Decía esto, pero sabía que un Vespa mezclado con la gente, ya no solo y desdeñoso bajo los tejados, le habría interesado mucho menos, y él tampoco contaría ya para Vespa. La ventaja que les sacaba a los otros, a los de la edad de Vespa, de haberle hecho compañía estaba ligada a aquel quinto piso.
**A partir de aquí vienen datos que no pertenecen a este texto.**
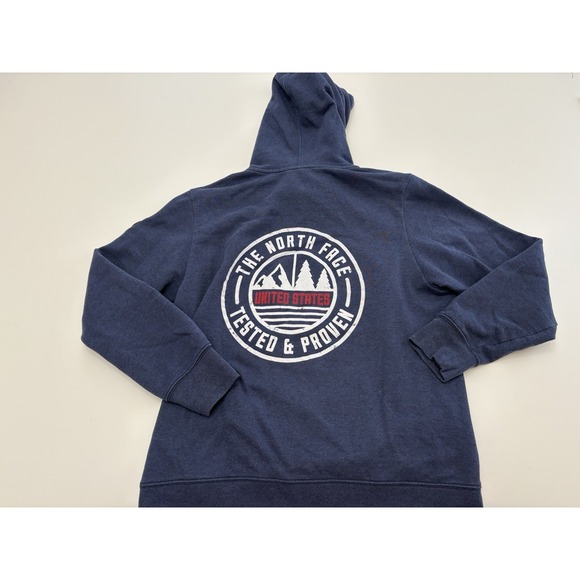 The North Face Navy Blue Pullover Banger Hoodie Usa Patch Tested Proven Large - Picture 1 of 4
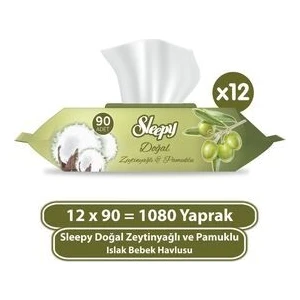 Zeytinyağlı ve Pamuklu Islak Bebek Havlusu 12X90 Adet (1080 Yaprak)
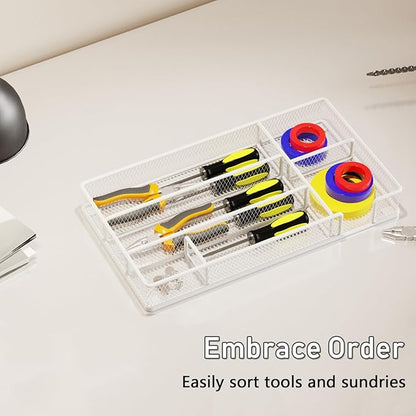 Desk Drawer Organizer Tray, Mesh Desk & Office Drawer Organizer, Suitable for Tools, Pencils & Office Supplies Storage (White)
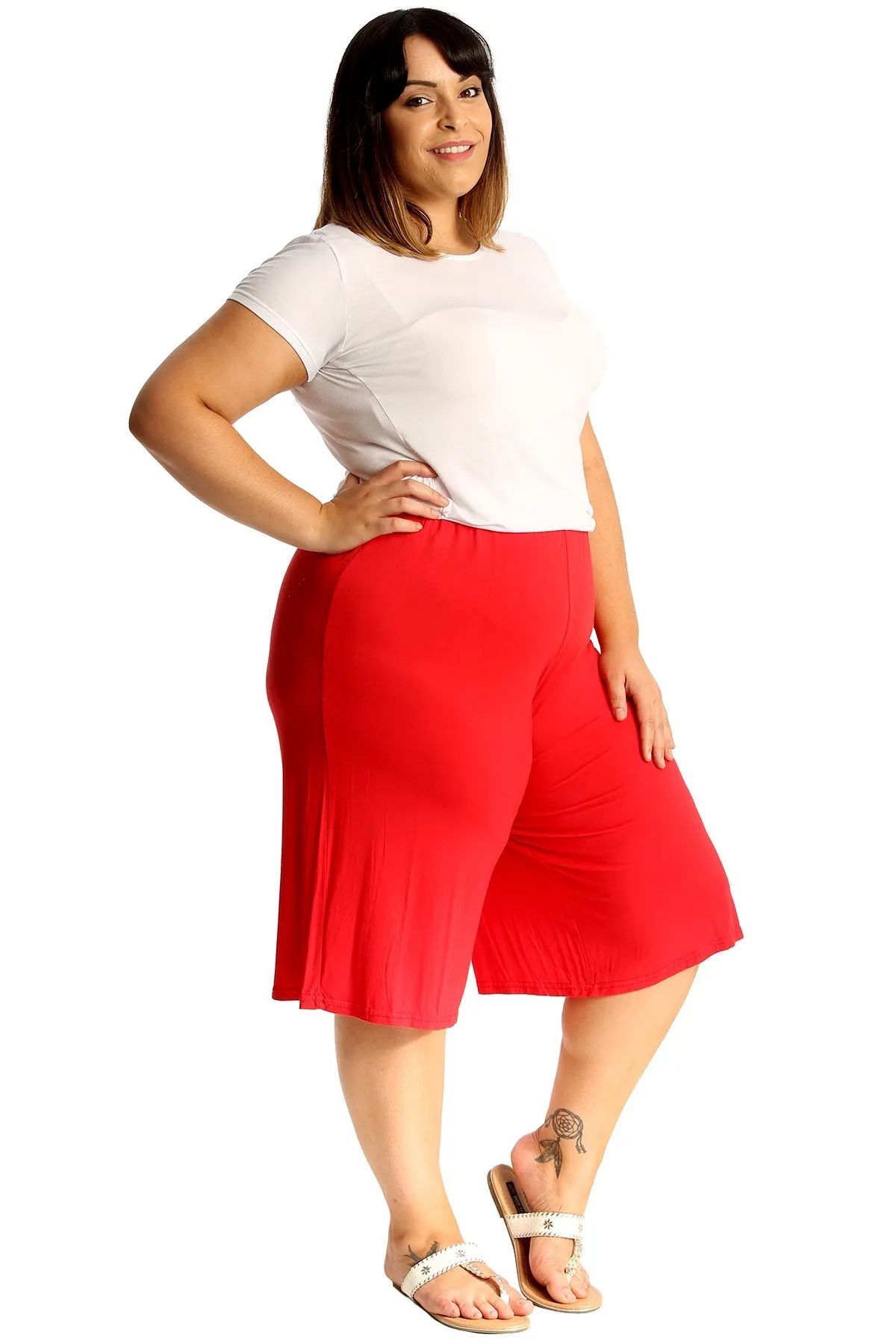 Plus Size Plain Viscose Culottes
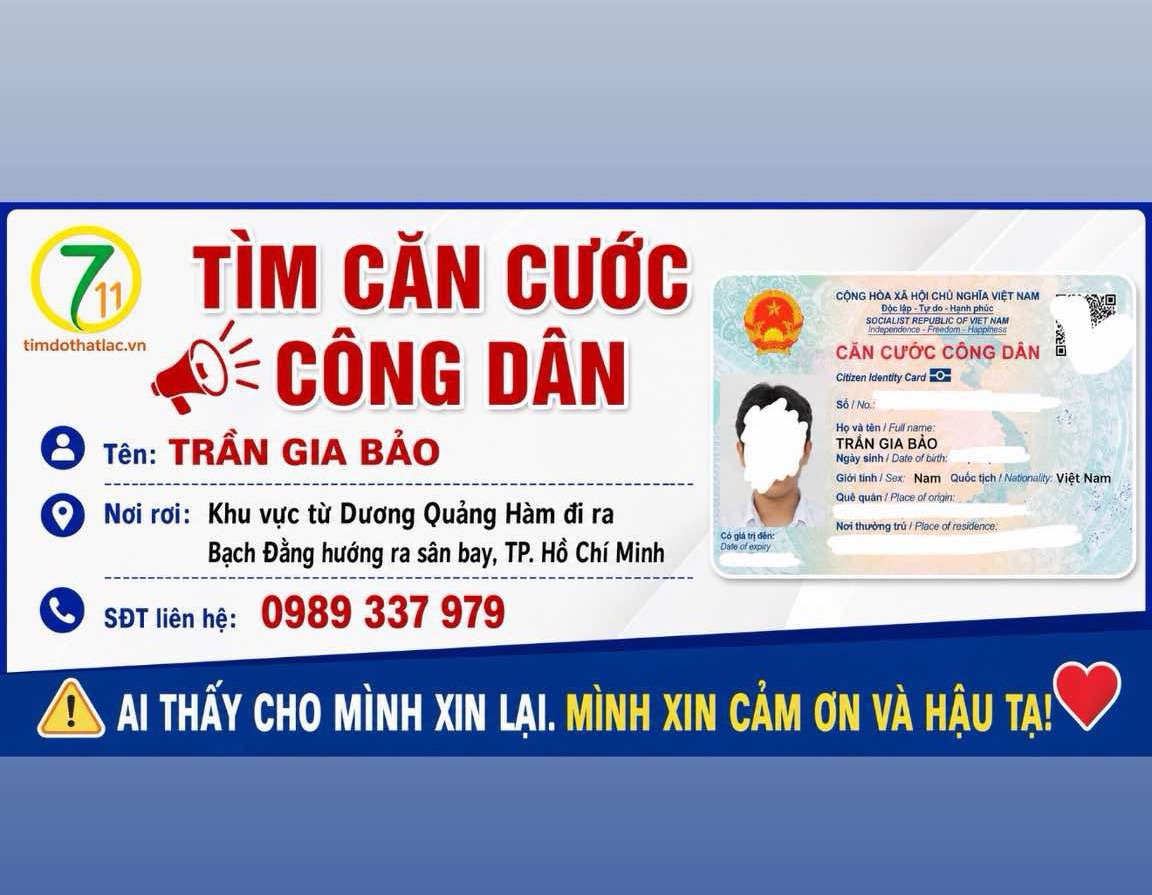 ‼️ Hồ Chí Minh: Tìm cccd có tên Trần Gia Bảo
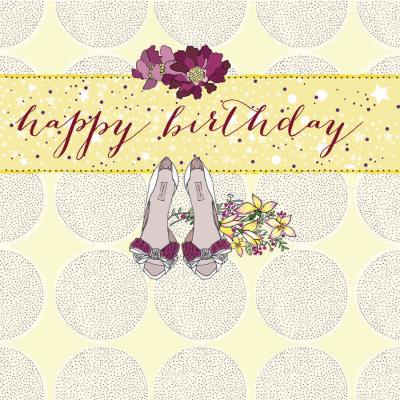 Opakowanie Karnet Swarovski kwadrat Urodziny Szpilki i kwiaty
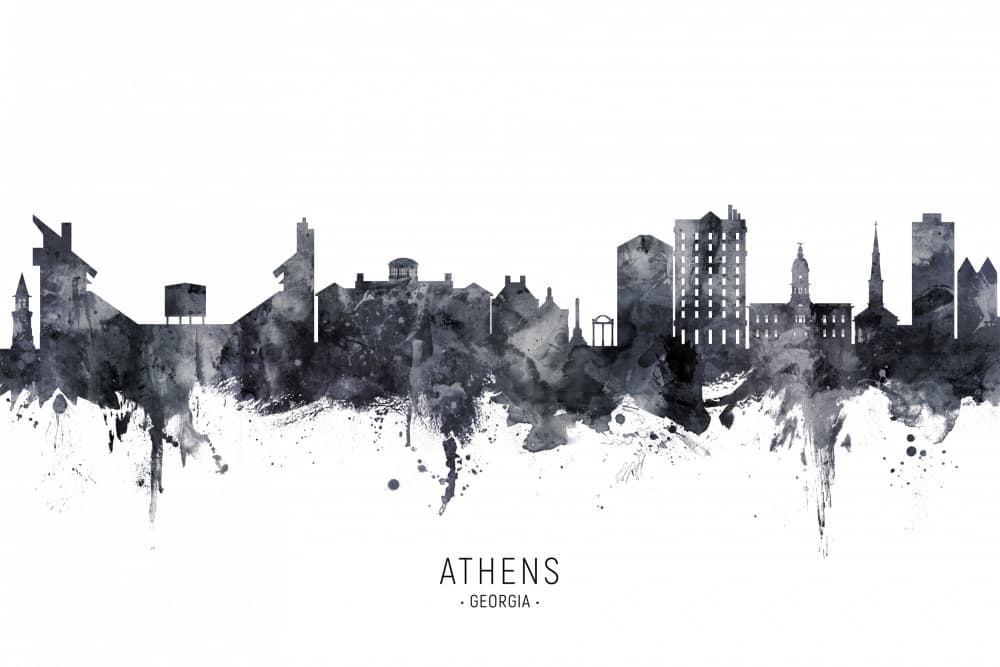 Athens Georgia Skyline by Michael Tompsett — canvas wall art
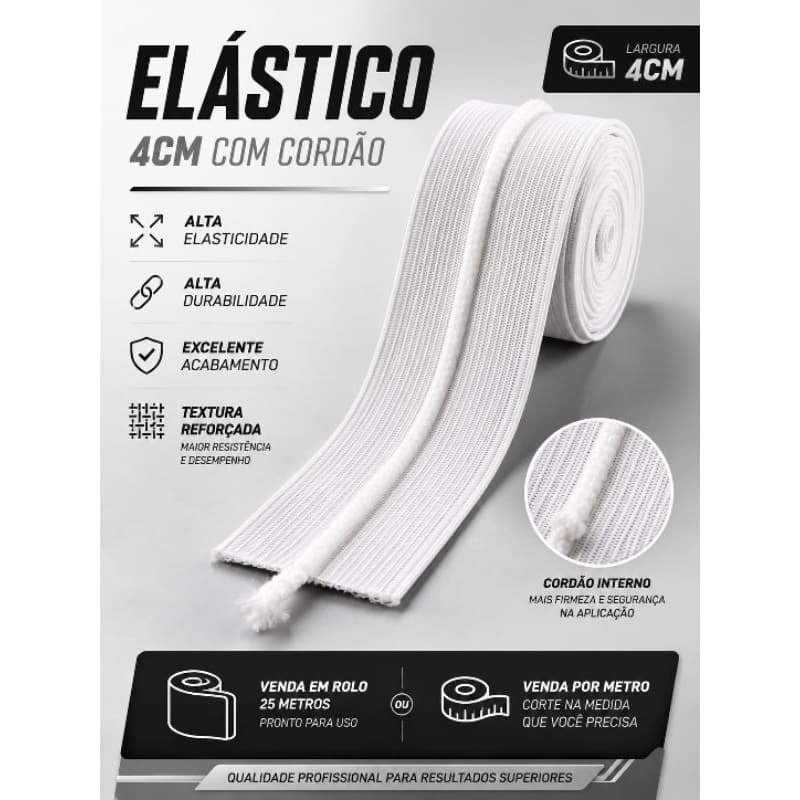Elástico Guepardo 4cm com Cordão Ajustável Alta Resistência para Costura e Confecção de Roupas, Cintos, Artesanato e Aca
Ahora bien, la misma tarde de la cerveza, Corradino, entumecido por el mucho sol del Sangone, había subido junto a Vespa para hacer tiempo pasivamente, abandonándose a las escasas palabras y al consabido recuerdo que la ventana sobre el vacío, el rumor de las calles y la presencia amiga provocaban. Vespa comprendía este modo de pasar el rato, se había hecho a él hacía tiempo. Una de las primeras tardes, cuando aún estaba Fabio, había hablado de jornadas enteras pasadas con sus colegas sobre el talud del mar los días de salida, cuando esperaban para embarcarse y todavía no sabían si habría guerra. Decía que un hombre, metido a llevar esa vida, piensa en su casa más que en el futuro, y le parece ser viejo mientras que el año antes aún iba a la escuela nocturna.

—¿Y usted por qué no se larga del asfalto, como su amigo? —dijo Vespa bruscamente, cuando estuvo sentado en la cama.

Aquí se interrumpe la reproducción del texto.